Sunday, September 24, 2017

Re-discovering Paper Back Books

Baltimore is always offering new and exciting ways to revive our culture. As we learned in past classes, it is important to stop and take a moment to visualize the beauty within the simple aspects of our society. This past Saturday I was able to do just that at the 22nd Annual Baltimore Book Festival. The festival was held downtown in the Inner Harbor and I have never seen so many books. As technology has slowly evolved throughout the years I have begun to turn to purchasing books on my I-Pad rather than purchasing the hard copy. Thankfully, this festival opened my eyes to the importance of purchasing the hard copy. As I spoke to one of the vendors with a few of my friends, I asked him how the industry is doing due to these technological advances and he expressed a sadness rather than a concern over the change in preference. He told me about the "hard cover book experience" and how digital versions just can't compare. Hard covers can be signed by authors, they can have the pages bent over to mark a spot, and most importantly they can be shared with friends or family. The book not only takes you into an alternative universe, but it creates an experience for the reader.

Everything we do in our lives is an experience, and in a way it could be argued that our life is an unfinished book, an unfinished future that we have the rest of our lives to write. I kept the vendor's words in my mind as I read our multiple readings for the week. William Wordsworth's I Wandered Lonely as a Cloud was the most relatable for me. His words are so captivating and truly helped me picture the narrators loneliness and ability to use his imagination to create his alternative universe. He escapes his loneliness by placing himself among nature with golden daffodils, with lakes, and trees while he is really on his couch alone, in solitude.
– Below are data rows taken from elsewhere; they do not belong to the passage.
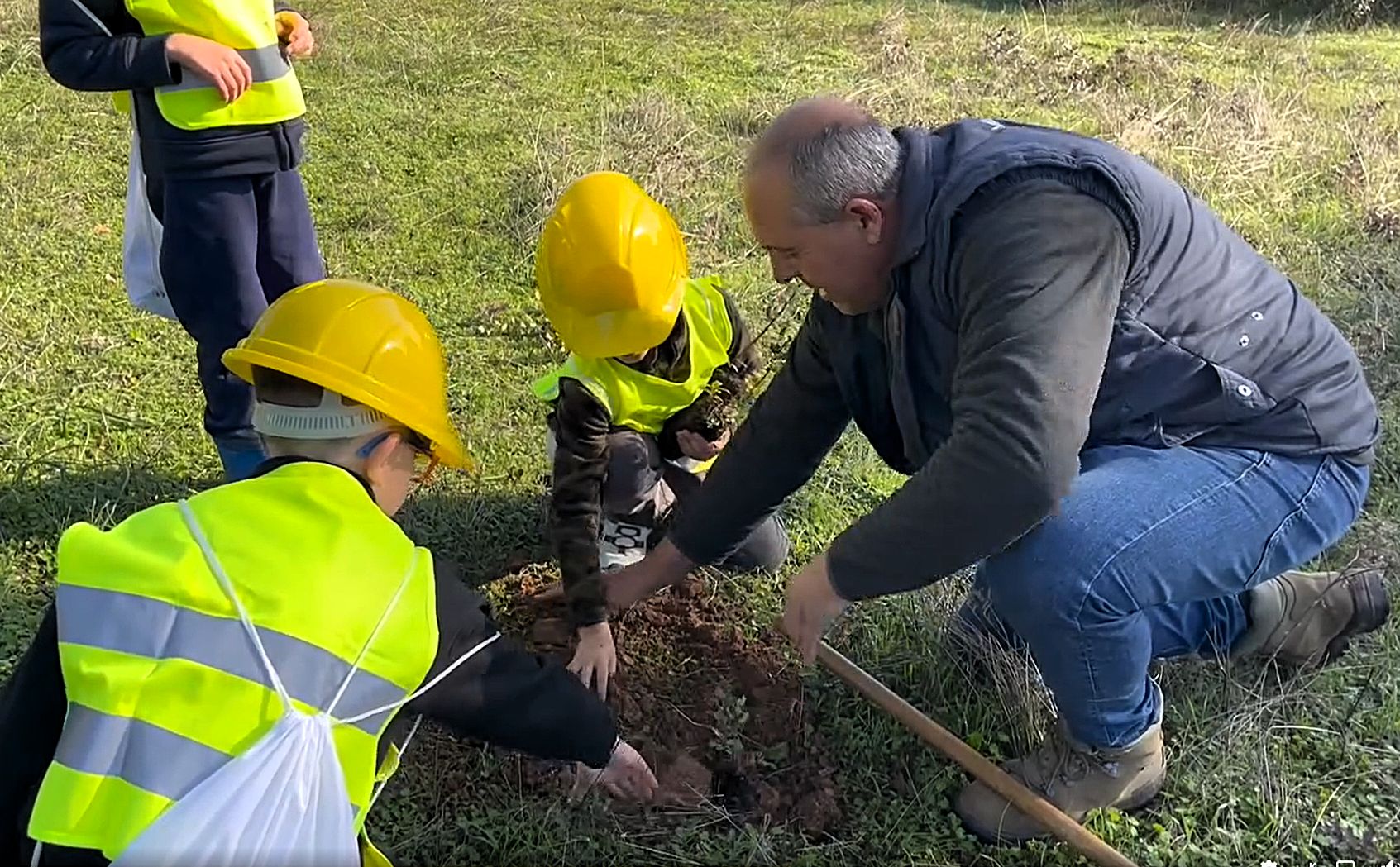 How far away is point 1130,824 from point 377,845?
62.1 inches

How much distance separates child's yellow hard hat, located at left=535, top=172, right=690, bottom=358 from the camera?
8.82 feet

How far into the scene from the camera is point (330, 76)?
741 cm

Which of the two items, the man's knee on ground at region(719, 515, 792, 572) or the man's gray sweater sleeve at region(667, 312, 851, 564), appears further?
the man's knee on ground at region(719, 515, 792, 572)

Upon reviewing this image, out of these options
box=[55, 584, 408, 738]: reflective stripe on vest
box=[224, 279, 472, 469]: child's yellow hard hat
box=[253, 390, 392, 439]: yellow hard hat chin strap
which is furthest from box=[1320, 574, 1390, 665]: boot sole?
box=[55, 584, 408, 738]: reflective stripe on vest

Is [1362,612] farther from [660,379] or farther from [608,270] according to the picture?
[608,270]

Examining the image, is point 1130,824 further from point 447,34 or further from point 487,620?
point 447,34

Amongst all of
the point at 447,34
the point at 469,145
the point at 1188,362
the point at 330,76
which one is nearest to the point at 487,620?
the point at 1188,362

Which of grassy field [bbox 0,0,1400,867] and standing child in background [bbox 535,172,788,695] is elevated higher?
standing child in background [bbox 535,172,788,695]

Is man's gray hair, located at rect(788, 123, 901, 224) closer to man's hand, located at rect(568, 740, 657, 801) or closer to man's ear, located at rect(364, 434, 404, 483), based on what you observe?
man's ear, located at rect(364, 434, 404, 483)

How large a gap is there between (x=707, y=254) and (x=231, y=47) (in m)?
2.26

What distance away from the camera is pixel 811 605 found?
2.29 m

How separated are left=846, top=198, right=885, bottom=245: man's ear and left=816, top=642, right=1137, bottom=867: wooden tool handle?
0.94 m

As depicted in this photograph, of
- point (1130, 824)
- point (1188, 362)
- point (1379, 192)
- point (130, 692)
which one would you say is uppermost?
point (1188, 362)

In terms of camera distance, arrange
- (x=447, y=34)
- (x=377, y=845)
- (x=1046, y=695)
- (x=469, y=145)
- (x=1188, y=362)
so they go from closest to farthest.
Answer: (x=1188, y=362)
(x=377, y=845)
(x=1046, y=695)
(x=469, y=145)
(x=447, y=34) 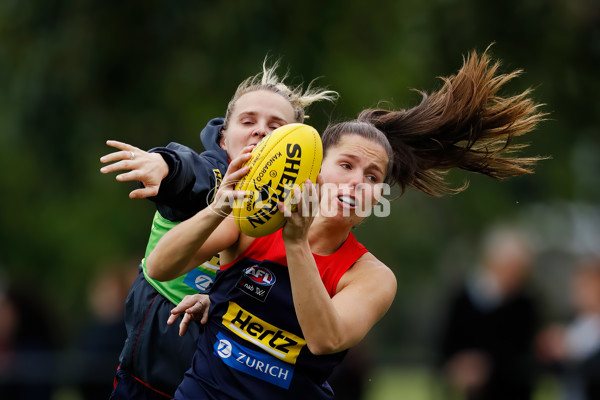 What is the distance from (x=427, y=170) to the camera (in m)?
5.07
The Birthmark by Nathaniel Hawthorne speaks of the imperfections of society and more specifically, a woman. The beautiful woman had a birthmark that seems to intoxify her husband and intensify his need to remove it. He simply could not handle or accept the imperfections of his wife. This made me think about the dying culture of hard cover books and the experience they create. As each book is used over time, it accumulates multiple imperfections including; bent pages, speared ink, and scratches on the cover. Still, all of these imperfections are invisible to the reader once the love for the words on the inside comes about.

 The Yellow Wallpaper by Charlotte Perkins Gilman is also about a woman with a different type of imperfection. She has post-partum depression and much like in The Birthmark, her husband is trying to fix her imperfection. Being a physician himself, he prescribes bedrest and little to no activity which ultimately, results in her becoming un-motivated to be a part of society at all. Both of these pieces have a lot to do with one another in the way that they both talk about the imperfections of women., and still, it relates to books in so many ways. As the vendor at the book fair said, a book is an experience, yet, much like the wallpaper that the narrator in The Yellow Wallpaper becomes fixated on, readers tend to quite literally judge a book by its cover. Because of this consumers tend to lean away from purchasing, or even reading the preview on the book to see if they have any interest in in the book.